Anybody can speculate as to what might have happened in November, but at least this much is known: In the week before the originally scheduled vote, Reps. Rose, Neal, Steed, Volkmer, Fish, Glenn English (D-Okla.), Larry Pressler (R-S.D.), John Cavanaugh (D-Neb.), David Cornwell (D-Ind.) and Robert Gammage (D-Tex.) all indicated they would vote for the bill; also Reps. Edward Koch (D-N.Y.) and Herman Badillo (D-N.Y.) were then still in Congress. By February, none of these congressmen voted in favor. Supporters of the bill gave business interests three months to build up pressure against wavering members -- and they did. (The final margin of 33 votes overstates the actual difference, since several members voted no only when they saw that the bill could not pass and in order not to needlessly antagonize business supporters. On the morning of the vote, business lobbyists against the bill thought they had an 8-vote margin.) Lessons for All

THE BILL'S demise is instructive to the consumer, congressional and business communities.

Consumer groups must reconcile two divergent facts. On the one hand, Louis Harris calls consumerism the most broadly supported movement he has ever studied: his surveys document a 55-to-28 per cent public endorsement for the consumer advocacy bill. Yet it lost. The goal for consumer groups, therefore, is to convert broad popular support into legislative punch.

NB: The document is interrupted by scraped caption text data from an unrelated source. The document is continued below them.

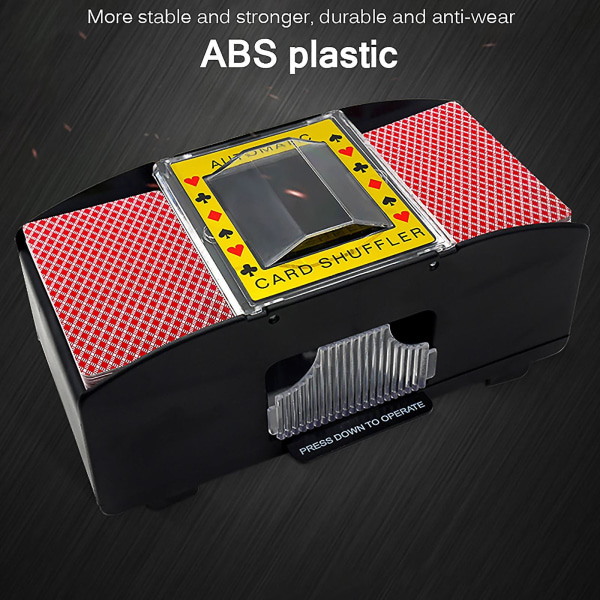 Automatisk pokerkortmixer Elektrisk 6 dæk batteridrevet kortmixermaskine til casino poker rummy og skat sort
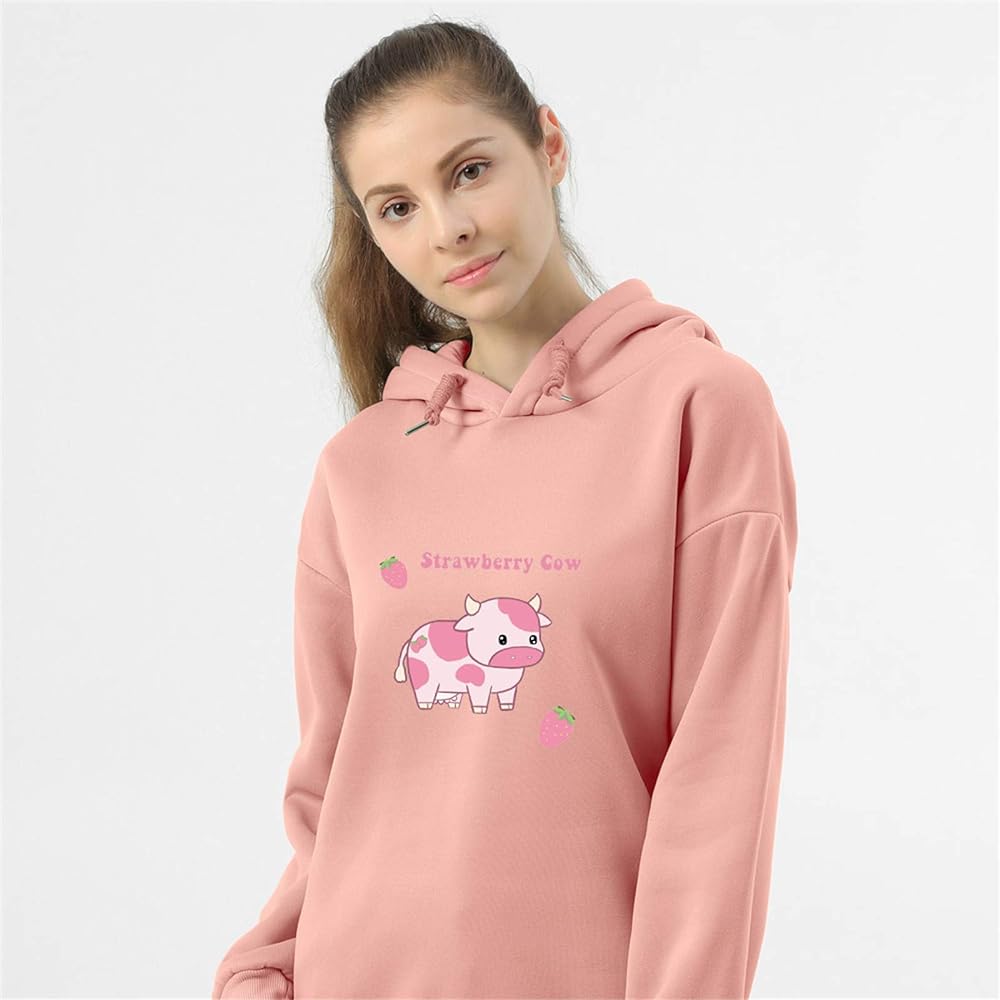 Strawberry Cow Hoodie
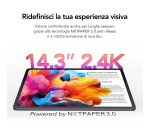TCL NXTPAPER 14 Mediatek 256 GB 36,3 cm (14.3") 8 GB Wi-Fi 5 (802.11ac) Android 14 Grigio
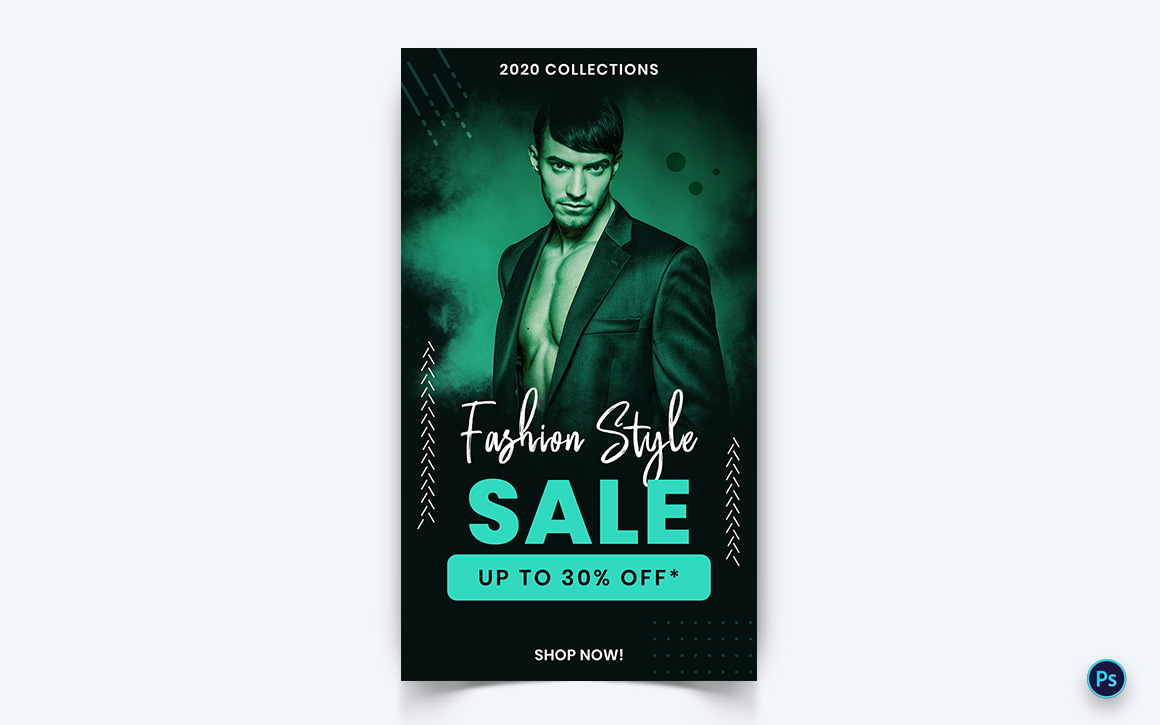 Fashion Sale Womens Mens Social Media Story Design Template-11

Two obvious approaches include local organizing and public finance reform. "You win or lose in the districts, not in Washington," said freshman Rep. Donald Pease (D-Ohio). Consumer organizations will have to organize better at the neighborhood level, so that on future votes members will hear from interested, indigenous consumer groups and not merely from local Chamber voices. In addition, until some version of public funding of elections cuts the cord between business giving and member voting, citizen interests will forever compete at a disadvantage in the political marketplace. If the defeat of H.R. 9718 leads to these two results, it may yet prove an inadvertent blessing.

This case study also demonstrates why our elected officials should have the courage and skill to try to educate their districts about the costs and benefits of government programs, rather than merely surrender to purchased prejudice.

It should not prove impossible to argue that government can work to improve people's lives -- that the civil rights acts give blacks legal equality and the South hundreds of black officials; that the Auto Safety Act saves an estimated 12,000 lives a year, that the Food and Drug Administration prevented the sale of thalidomide; that public financing for the past presidential election succeeded in keeping much tainted money away from our highest office.

Finally, as for the big business groups, this bill may prove that nothing fails like success. In a survey conducted for the House Ethics Committee, 11 organizations were rated according to the public's perception of their ethics. "Consumer action groups" rated first and "large companies" 10th.

It is now time for business to do more than veto change. What is their consumer program?Without one they will continue to deserve the obloquy they earn. "Those who want it all," said Jack Brooks, chairman of the House committee that reported out the consumer bill, "will lose it all."